Mexican Craftsmanship

Burnished mud is the oldest technique. Its name is given because of the technique used to obtain the piece´s glow. It is also known as the mother technique because it preserves pre-Hispanic characteristics in the production process. It belongs to one of the oldest branches of pottery.

It is the technique from which others derive. The pieces elaborated using it have a shiny and smooth aspect. This particular characteristic is distinguished because it is performed with the region´s mud and the pieces are smoothed or polished using river stones. That is how that wonderful glowing aspect is achieved; it is obtained by carving the pieces with a mineral stone known as Pirita.

Molds

For the elaboration of the pieces molds are used, in which the mud mass is poured.

The handles, ears, and clay pastillage details are molded apart and then incrusted in the final piece.

Details

Decoration

The decoration its accomplished with local mud colors. It is through this process that Luis Cortez decorates each one of the pieces with traditional art: floral figures, animals, and distinctive colors.

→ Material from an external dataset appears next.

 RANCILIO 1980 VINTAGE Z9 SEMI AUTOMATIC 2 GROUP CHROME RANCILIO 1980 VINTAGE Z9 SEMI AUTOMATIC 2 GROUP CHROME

The burnishing gives that particular brightness to the piece. It is nothing more than the final glow. It is obtained by the eagerness of rubbing the piece´s surface with a mineral stone. What it does is close the pores of the clay, waterproofing the piece without the need of glazing.

Burnishing

Baking

Last step: baking. This technique demands that the piece should be finished in a single cooking in gas or wood ovens with temperatures between 650°C and 700°C approximately.

  • When baking with wood, the temperature is measured by eye, because no thermometer is used in the oven.

These days, the pieces elaborated with this technique are only for decorative use, commonly exhibited in art galleries, and are highly valued by collectors from around the world.